A blog by Danny and Janine
“I think we can carry four, if not eight per person.” Said Nate Conners as we stood looking at a pile of black plastic water bars. These commonly seen trail structures were deemed unsuitable in a Wilderness area by Wilderness Ranger Kerri Gunderson, who accompanied us on our service trip to the Mission Mountains Wilderness. This weekend was dedicated to removing as many of these deceptively light-looking structures from a trail about 5 miles within the Wilderness’ Eastern boundary.
Although Wilderness trails are maintained for human use, managers use natural materials whenever possible to maintain the Wilderness character of an area. These water bars were durable, but jeopardized the “primeval character and influence” outlined in the Wilderness Act.
In keeping with the Wilderness Act, our class was tasked with hiking out 26 of these water bars. Since mechanical devices are not allowed in Wilderness and we didn’t have any horses, each was carried out by hand. Shoulders chaffed and hips bruised, but creativity flourished as twenty-five-pound plastic bars were pulled, dragged, and man/womanhandled out of the woods. Over the two days of work, the group experienced a range of emotions. When cheers accompanied the final water bars as they emerged from the Wilderness, it was clear everyone had a better understanding of human-powered work.

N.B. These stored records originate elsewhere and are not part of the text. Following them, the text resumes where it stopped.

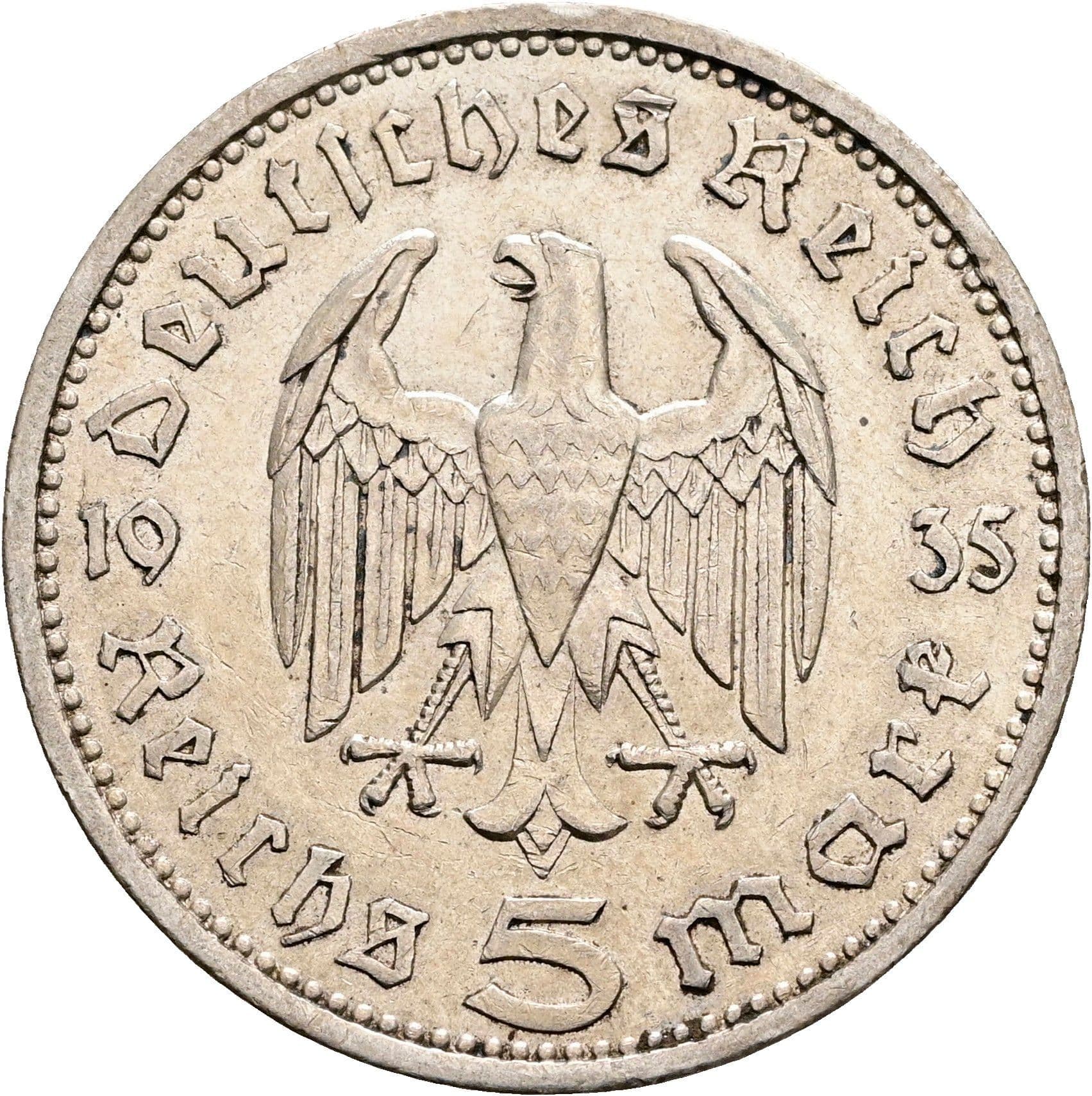 5 Reichsmark Berlin 1935 A – Rückseite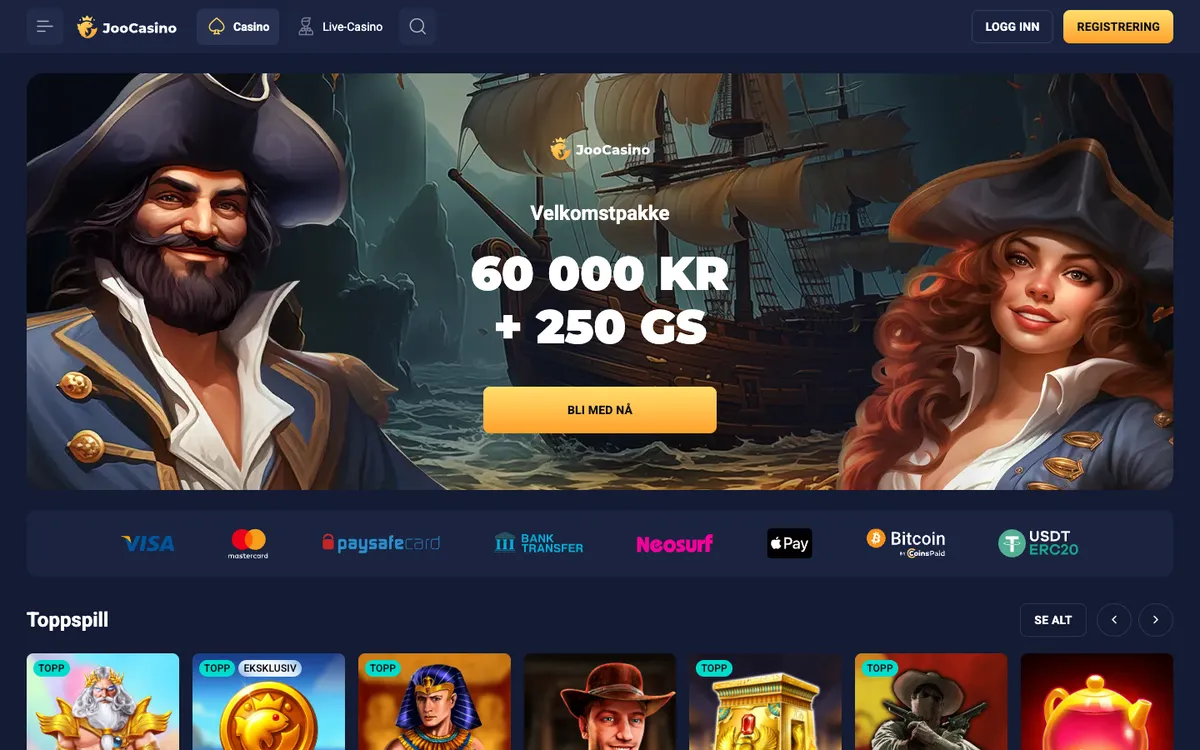 Joo Casino — Home page, captured from Norway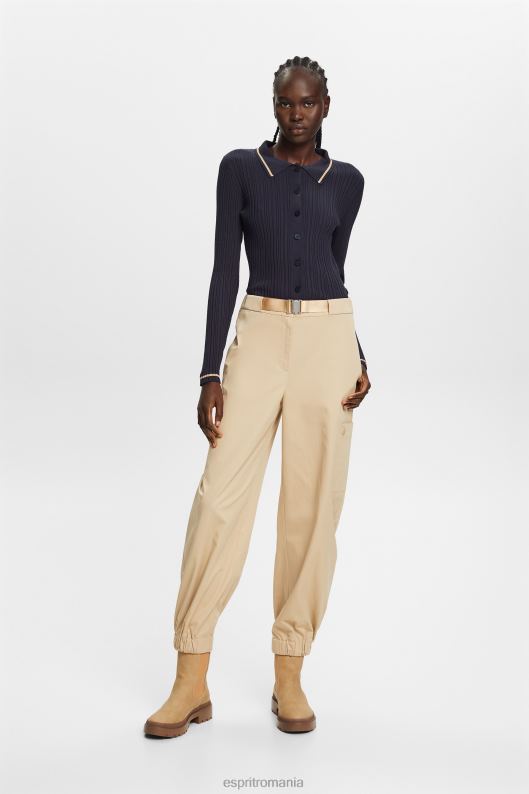 Esprit bluză polo din tricot cu nasturi în față femei albastru petrol 2T6N822 pulovere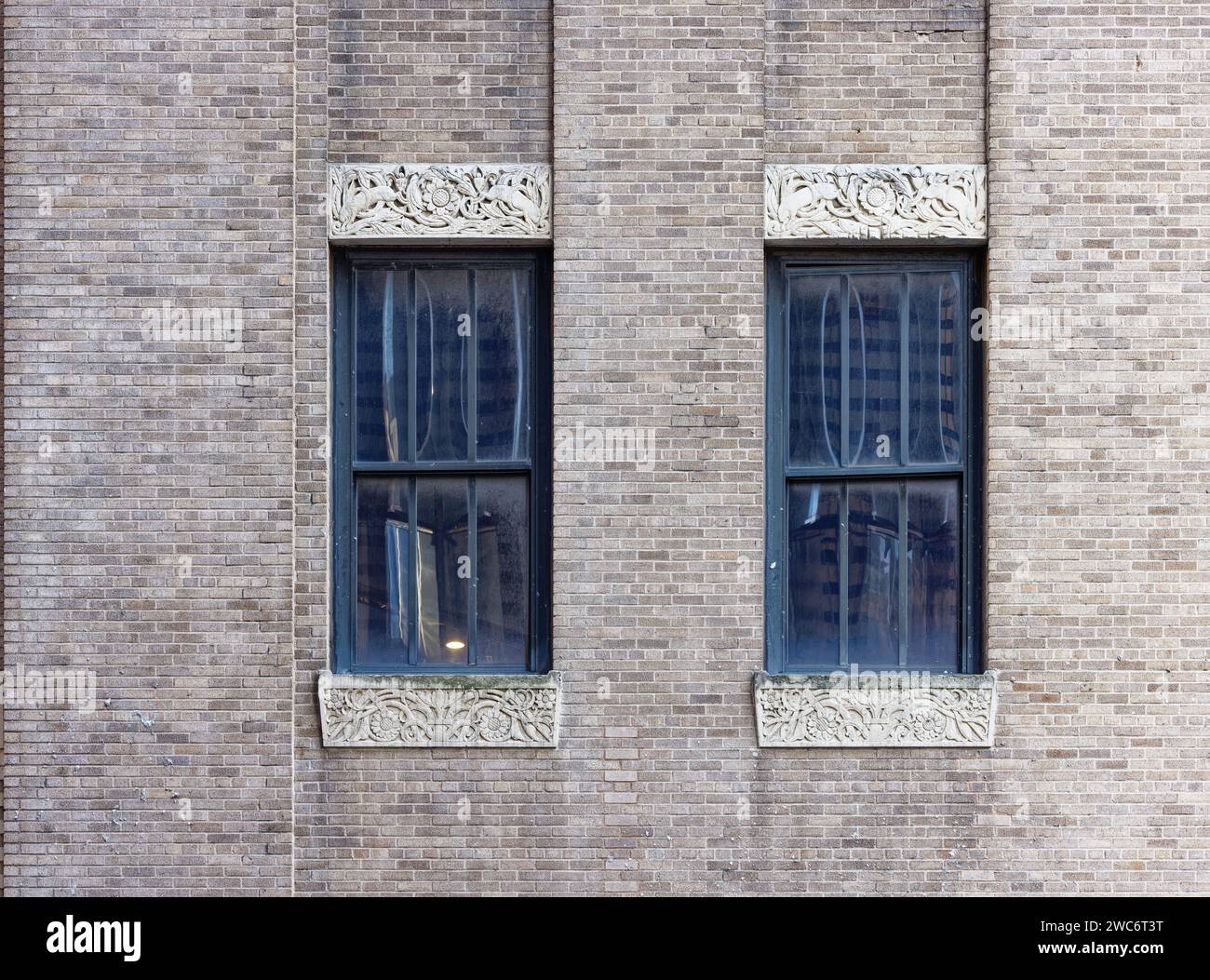Barclay-Vesey Building’s polychrome brick façade is decorated in carved limestone on lower floors, cast stone on upper floors. Stock Photo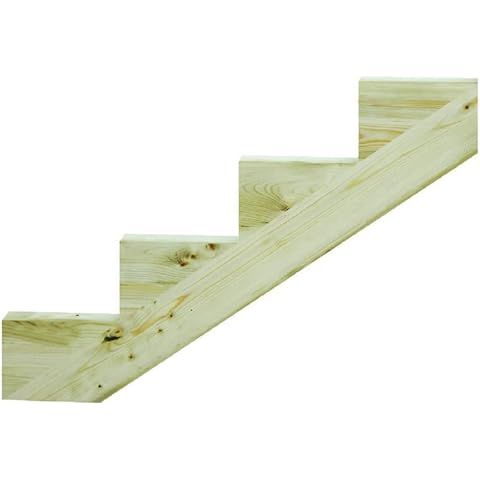 Escalera de madera maciza impregnada Gartenwelt Riegelsberger para 4 peldaños Cover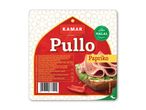 Halal kyllingepålæg med paprika, serveret på rugbrød med salat.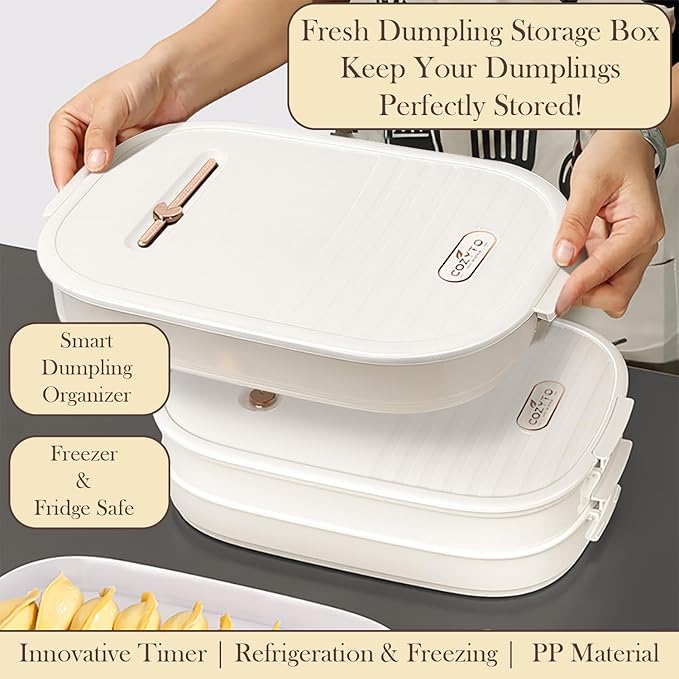 4-Layer Dumpling Storage Container – Freezer Organizer with Smart Timer, Good Sealing, Stackable Food Containers, Anti-Stick Base & Clip Lid (White Lid & Transparent Box)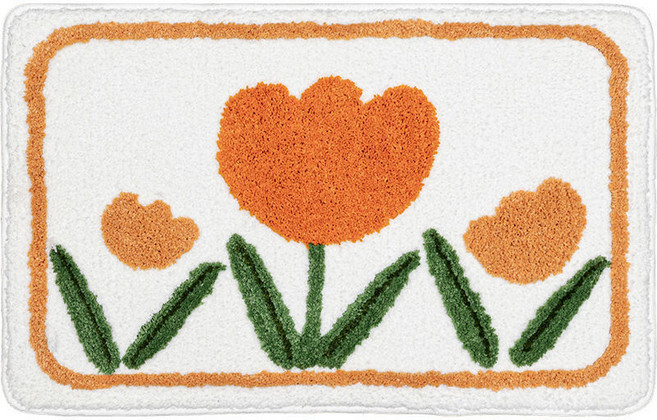 Soaring Pig 홈플라워 극세사 주방 욕실 미끄럼방지 매트, 50*80CM, C, 1개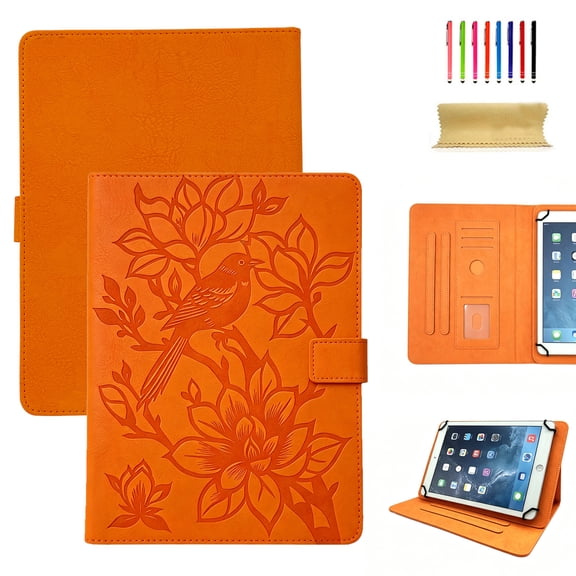 TECH CIRCLE Universal 8 Inch Tablet Case, Folio Flip Lightweight Protective PU Leather Cute Embossed Cartoon Cover with Card Slots, Built-in Stand, for 7.9/8.0/8.3/8.4 Inch Touchscreen Tablet, Orange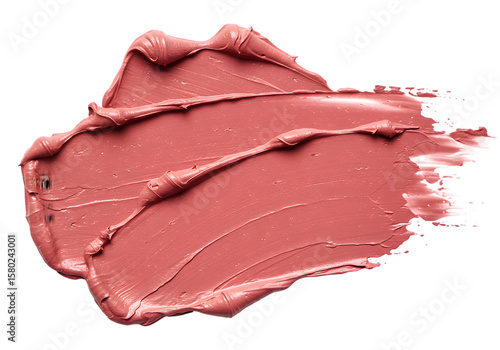Isolated Pink Lipstick Smear Texture on Transparent Background Beauty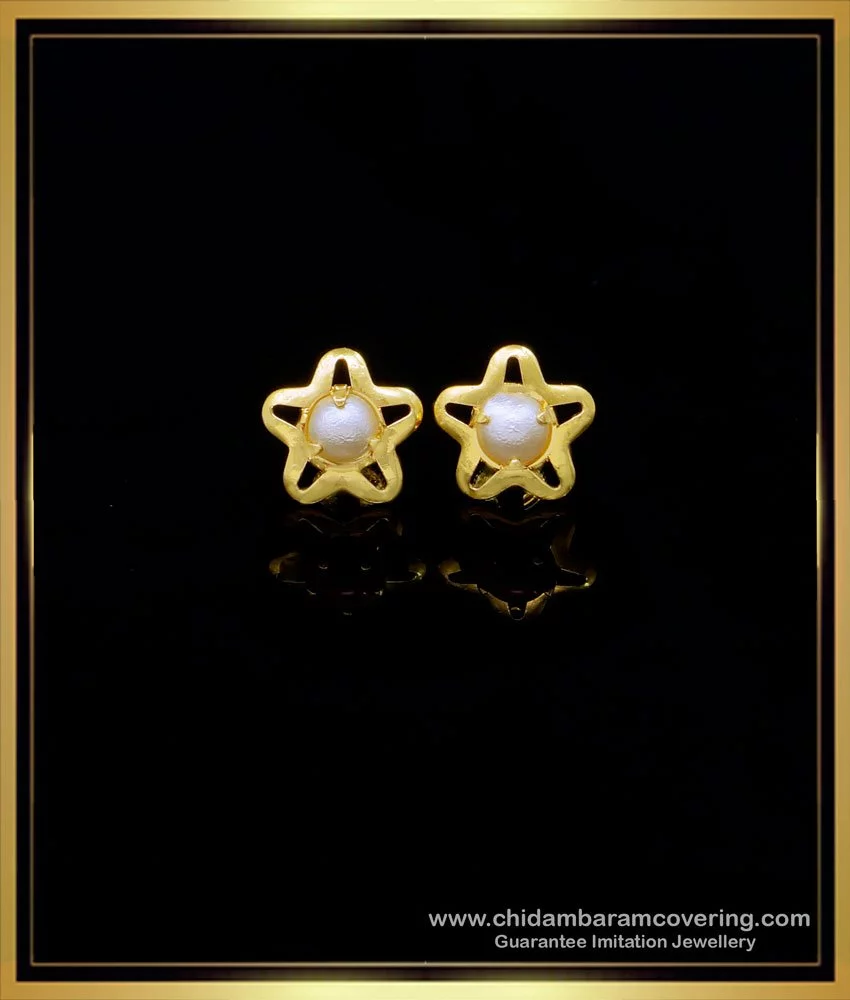 Freshwater Pearl & Diamond Stud Earrings in 9ct Yellow Gold
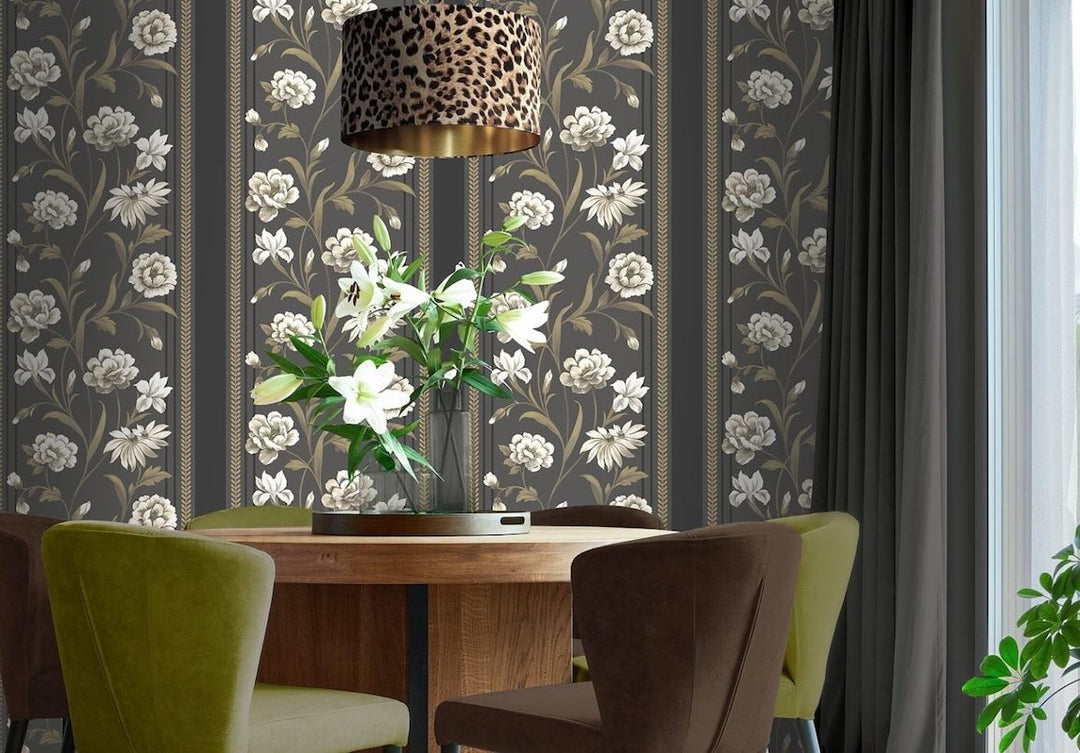 Belgravia Raya Dark Neutral Wallpaper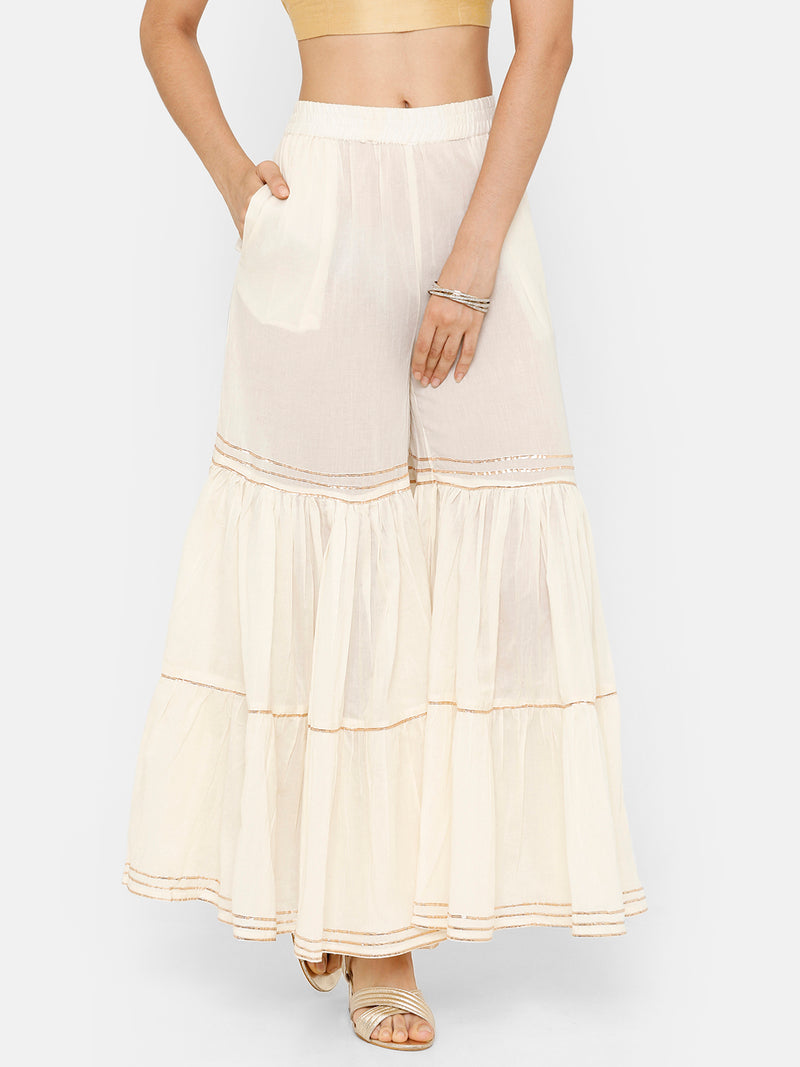 De Moza Women's Sharara Solid Cotton Offwhite - De Moza (4643545808959)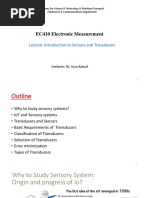 Lecture 8 - Introduction To Sensors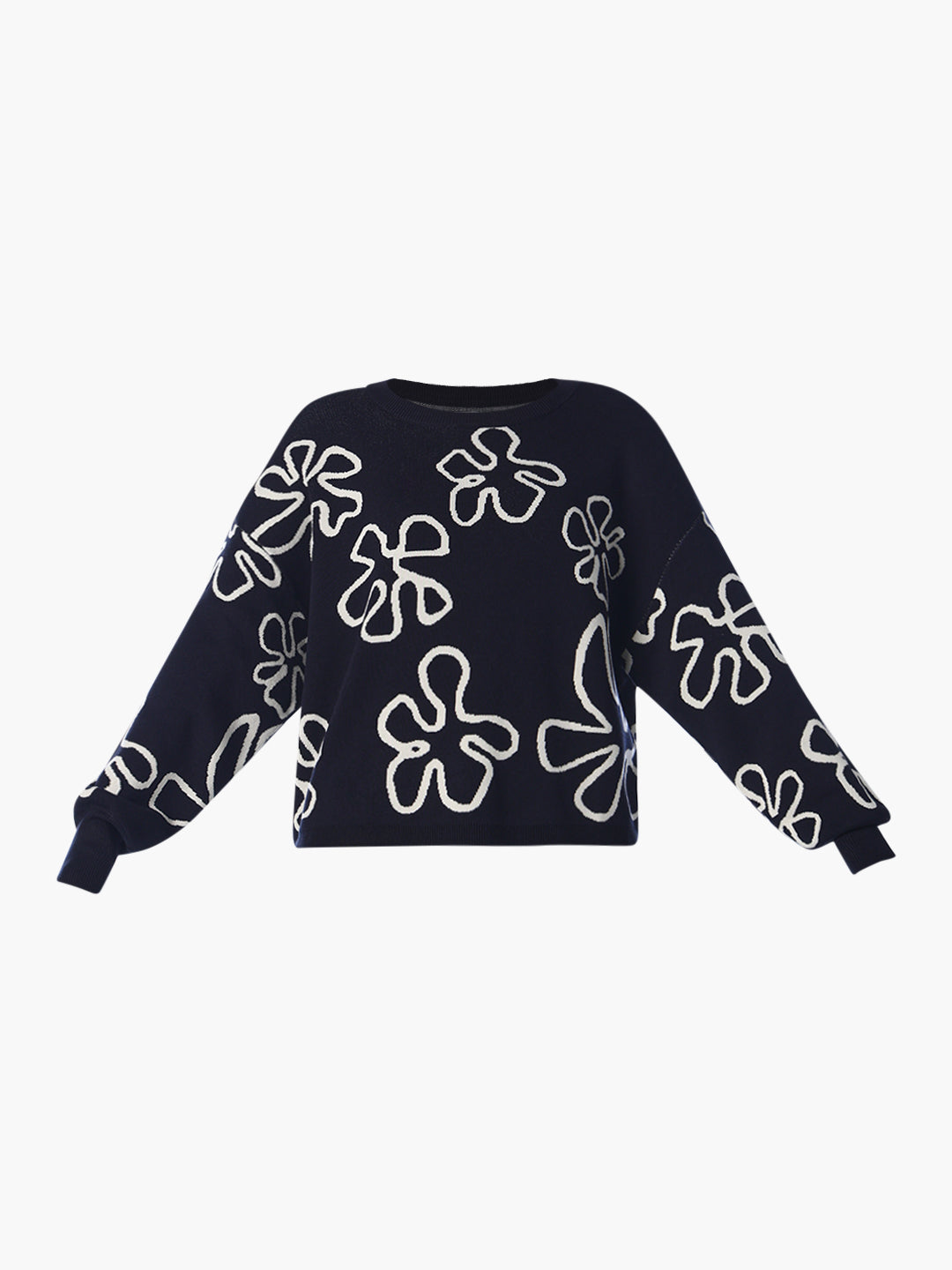 Black Jacquard O-Neck Pullover
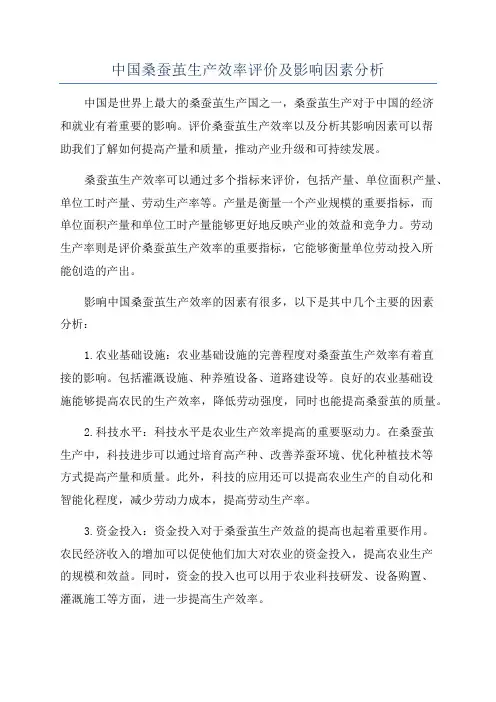 中国桑蚕茧生产效率评价及影响因素分析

During our few hours of hiking, we travelled along the shores of ice crusted mountain lakes, through yellowing foliage, and over snow covered saddles. Whether laughing, talking, or walking in silence, we all had the opportunity to enjoy the Mission Mountains in the midst of fall. The experience raised many questions about the stewardship of Wilderness and what role humans play in these wild places.